Merkeziyetçi, otoriter devlet anlayışı dışında başka bir şeyler konuşmaya çalışan, yeni bir ses üretmeye çalışan, düşünmesi dumura uğramış bir toplum için alternatif bir referans özelliği taşıyan bir hareket olarak düşündüm. Böyle bir hareket toplumu zenginleştirir.

Sadece Refah Partisi değil, onun ötesinde İslâmî hareket demokrasinin, çoğulculuğun olabilmesi potansiyeline işaret ediyor. Adamın biri çıkıp, ‘Aklımla, kalbim birlikte hareket etmeli, İslâm Ortak Pazarı, faizsiz kazanç’ diyor ve beni düşünmeye itiyor.

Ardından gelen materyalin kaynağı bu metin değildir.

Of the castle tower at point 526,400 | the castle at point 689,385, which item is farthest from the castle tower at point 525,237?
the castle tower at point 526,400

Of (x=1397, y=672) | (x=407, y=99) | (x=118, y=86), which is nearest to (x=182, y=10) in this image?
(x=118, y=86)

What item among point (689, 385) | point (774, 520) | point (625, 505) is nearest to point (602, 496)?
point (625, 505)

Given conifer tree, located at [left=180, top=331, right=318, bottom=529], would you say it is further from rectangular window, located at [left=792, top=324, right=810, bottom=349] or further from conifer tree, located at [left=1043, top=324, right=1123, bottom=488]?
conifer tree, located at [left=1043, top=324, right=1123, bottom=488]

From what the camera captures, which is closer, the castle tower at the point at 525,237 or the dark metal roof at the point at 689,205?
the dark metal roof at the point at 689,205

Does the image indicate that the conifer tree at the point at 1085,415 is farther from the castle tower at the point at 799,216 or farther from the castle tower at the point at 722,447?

*Refah Partisi’yle ona oy veren halk kitlelerinin farklı bir arayış içinde olduğunu mu söylüyorsunuz?

Erbakan’ın Susurluk olayında yapılan eylemlere ‘gulu gulu dansı yapıyorlar, bunlar faso fiso’ demesi arkasındaki sivil, toplumsal hareketi silmez. Erbakan ve Çiller devletin içine girmekle devletleştiler aslında. Bu toplumsal hareket hâlâ demokratikleştirici bir rol oynuyor. 28 Şubat döneminde solcuların sesi gibi sivil bir ses susturuldu.

* 28 Şubat başarılı oldu mu?

Hiçbir darbe başarılı olamıyor ki, eğer başarılı olsa, bir dahakine ihtiyaç duymazsınız. Ha bire ihtiyaç duyuyorsanız yaptığınız darbe bir işe yaramıyor demektir. Yaptığınız şey beklenmeyen sonuçlar doğuruyor. İslâmcı hareket üzerinde darbenin başarısını düşündüğünüzde, blok olarak, akım olarak yürüyen toplumsal hareketin önü kesildi. Muhtemelen hareketin içindeki adamlar ders çıkardılar, belki de AKP bunun ürünü. Onlar da başka bir dil konuşmaya başladılar.

*Yani takiye mi yapıyorlar?

Hayır takiye falan yapmıyorlar. Takiye yapılıyorsa, herkes takiye yapıyor zaten. Bugün herkes Türkiye’de takiye yapıyor bilerek ya da bilmeyerek. Konuşmanın koşulları mutlak şekilde demokratik değil. İstemediğiniz halde, sizin kelimeniz olmadığı halde toplumla bağınızı koparmamak için, dışlanmamak için konuşurken kullandığınız kelimeleri içselleştiriyorsunuz, AB de, insan hakları da içselleştiriliyor...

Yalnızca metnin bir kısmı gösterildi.